Il ne pouvait rien demander de plus à son gendre que de faire le bonheur de sa fille.

*****

 


katido  (19.06.2013 à 20:08)

 

Para 33

Samedi 13 avril 2013 : 13h06

Dorota ouvrit la porte de la maison avant même que le propriétaire des lieux n'atteigne les escaliers du perron.

- Blair et le bébé vont bien, l'informa-t-il avant qu'elle ne puisse ouvrir la bouche.

Elle baragouina quelques mots en polonais qui devaient être un remerciement à Dieu.

Monkey fonça sur lui en jappant et en remuant la queue pour l'accueillir. Son maître le gratifia de plusieurs caresses sur le flan et derrière les oreilles.

- Vous pouvez me préparer un sandwich pendant que je prend une douche  rapide ? demanda-t-il tout en donnant sa veste à l'employée.

Il se dirigea vers les marches qui menaient à l'étage mais elle l'arrêta d'un geste.

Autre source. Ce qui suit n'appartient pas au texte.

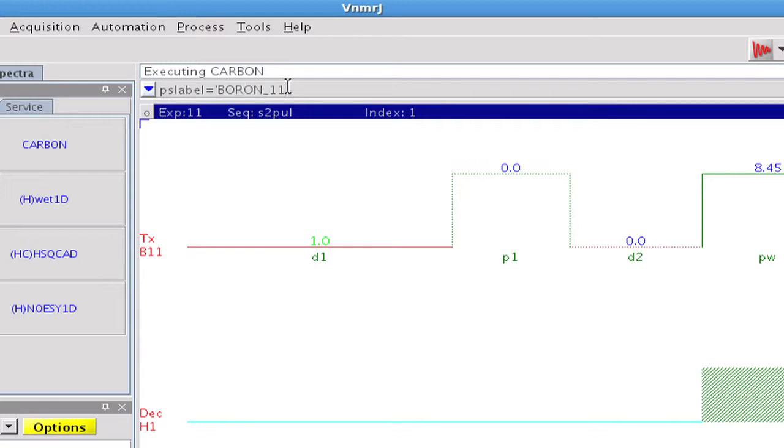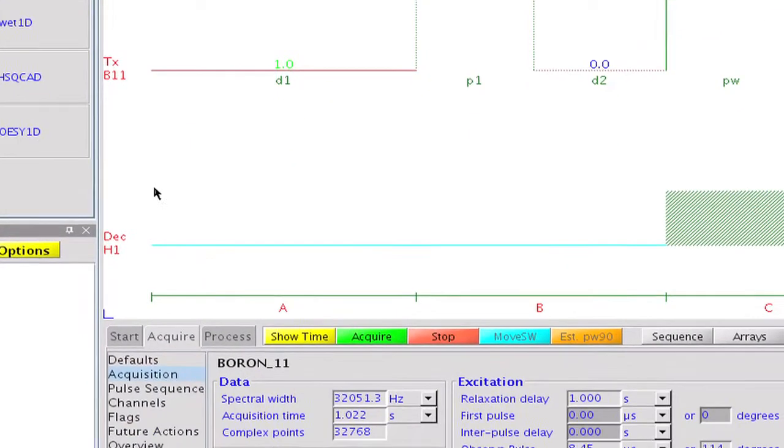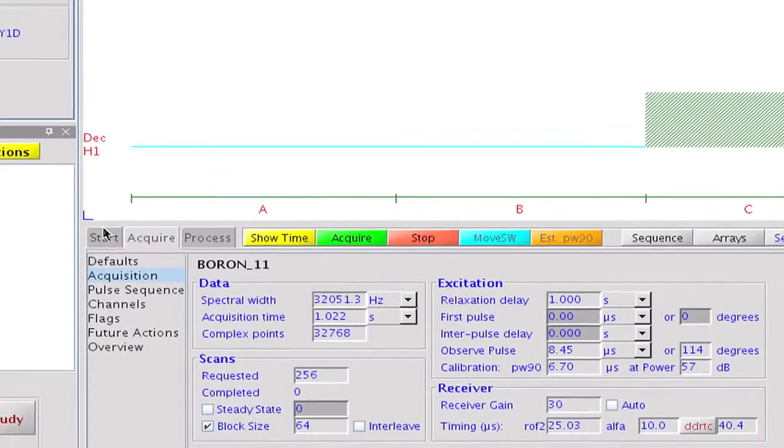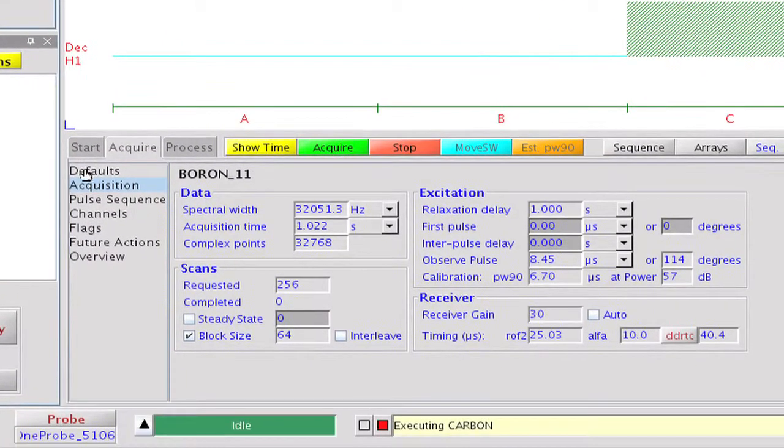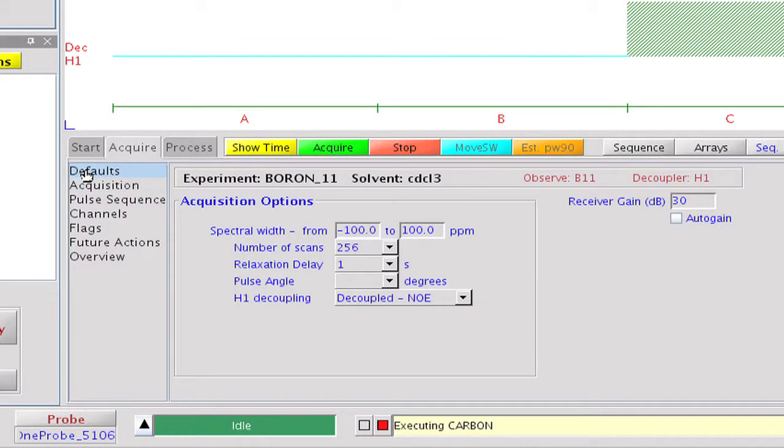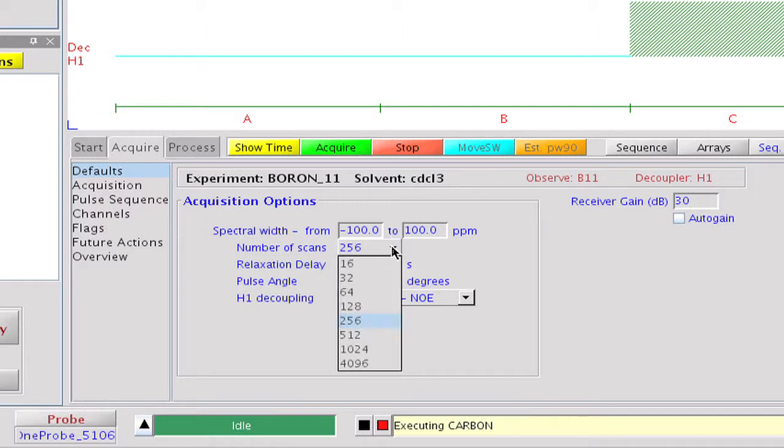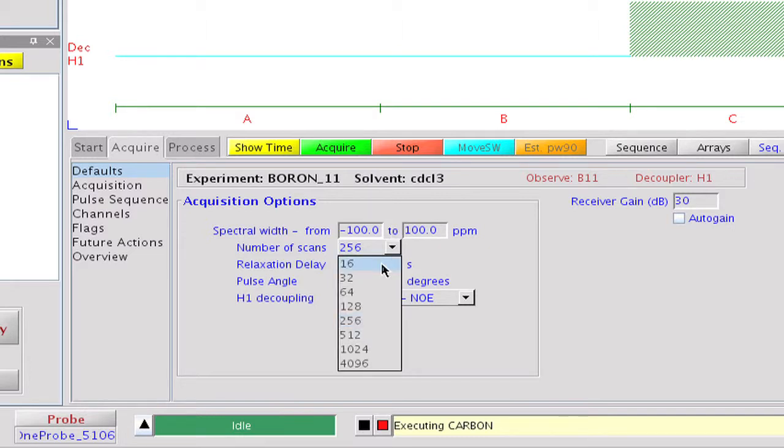We set the pulse sequence label to boron 11 in the command line. This is more representative for the acquired data than the name of the pulse sequence, which is nucleus independent. The spectral range of plus or minus 100 parts per million may be just fine. Boron 11 is significantly more sensitive than C13, so we can decrease the number of scans to 16.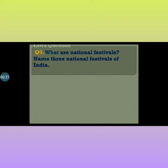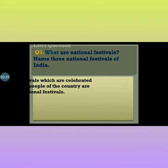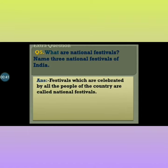So the question is: what are national festivals? Name three national festivals of India. National festivals kya hote hain? Aur India ke three festivals ka name batayye jo national festivals hain. The answer is: festivals which are celebrated by all the people of the country are called national festivals. Woh festivals jinko India ke, ya kisi bhi country ke, sabhi log milkar manate hain, unhein national festival kaha jaata hai.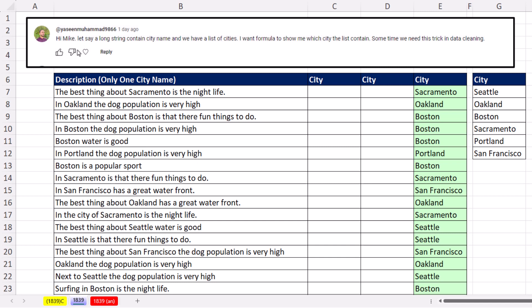Yassin asks: if a long string contains a city name and we have a list of cities, what formula shows which city the string contains? Here's all the descriptions. The goal is to look into this string, pull out Sacramento and deposit it here, or pull out Oakland and show it here.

- Le repas est prêt, dit-elle en lui montrant le living.

Il tourna la tête dans la direction indiquée et constata que la table était mise et qu'une assiette l'attendait effectivement.

- Elle a appelé, en déduisit-il à haute voix.

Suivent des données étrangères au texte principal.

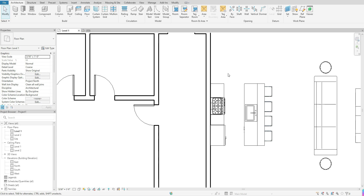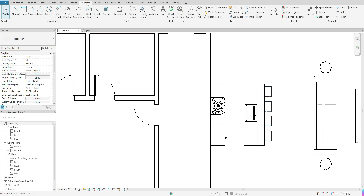To get started, you want to be in your Annotate tab at the top. Once you are in your Annotate tab, come to your Detail section, then click on Region, and if you click on the flyout, you are able to see the two options available. You can do the filled region, which will allow you to add a pattern within the boundary that you create, or you can do a masking region, which will allow you to block out any view within the boundary that you create. I'm going to get started first with the filled region.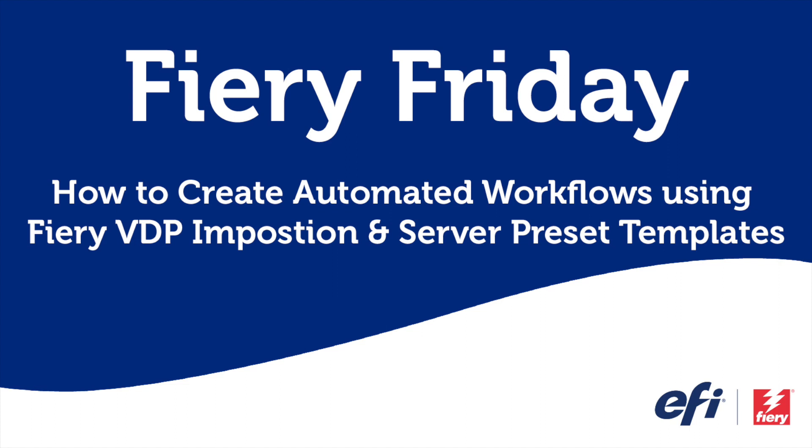Hello, and welcome to this edition of Fiery Friday. I'm Rob Lienti, Senior Sales Development Manager for EFI's Fiery Business Unit. And today I'm going to show you how to create automated workflows using Fiery VDP imposition and server preset templates.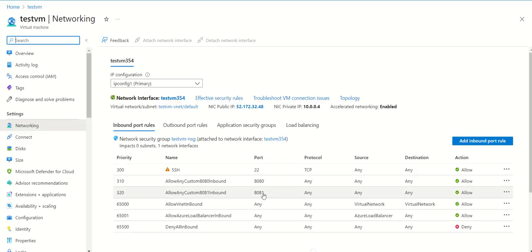you will see that port 8081 is open. When you access your application using the IP along with the port, your application will be accessible from outside.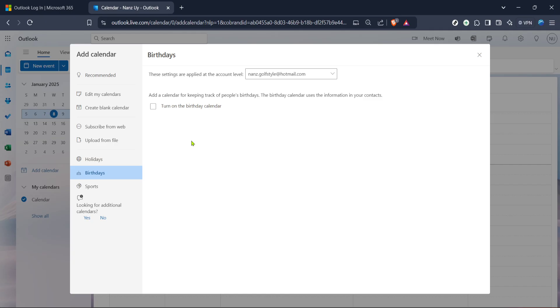Before signing off, double check to ensure the setting has been correctly adjusted. Sometimes toggles can be a bit finicky and refreshing the page to verify your setting change can be a good practice.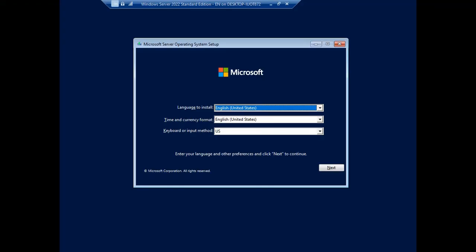Assalamualaikum warahmatullahi wabarakatuh. Thank you everyone for watching this video. In today's session, I would like to show you how to install Windows Server 2022 Standard Edition. Currently we are using the Hyper-V virtualization platform.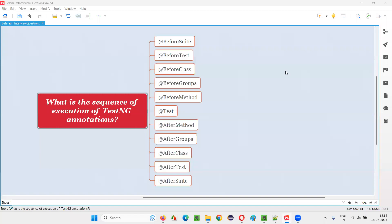Hello, all. Welcome to this session. In this session, I am going to answer one of the Selenium interview questions — that is, what is the sequence of execution of TestNG annotations? Let me answer.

- Miss Blair a dit de ne pas vous laisser repartir tant que vous n'avez pas mangé, pris une douche et dormi, récita la bonne.

Il sourit devant la mine déterminée de Dorota.

Il n'avait pas l'intention de se battre avec elle. Blair et Henry étaient en sécurité avec Eléanor et Harold et si sa femme avait téléphoné pour donner des ordres, c'est qu'elle se sentait mieux.

Il leva les mains en l'air en signe de reddition et prit le chemin de la salle à manger pour s'asseoir à sa place habituelle.

- Côte de bœuf, pommes de terre sautées et salade verte, déclara encore la domestique.

Blair avait également commandé le déjeuner, songea-t-il avant d'avaler une bouchée de la viande grillée.

Il avait plus faim qu'il ne le croyait. Les croissants de Lily avaient combler son estomac mais il n'avait quasiment rien ingéré depuis la veille et les heures avaient été éprouvantes.

Quand il passa sous la douche, il laissa l'eau chaude détendre les muscles de sa nuque et de son dos, endoloris par la nuit passée dans le fauteuil de la clinique à veiller sur sa famille. Il avait apprécié le goût de ces heures silencieuses, où rien ne venait troubler la quiétude de leur sommeil après l'angoisse et la folie de la journée.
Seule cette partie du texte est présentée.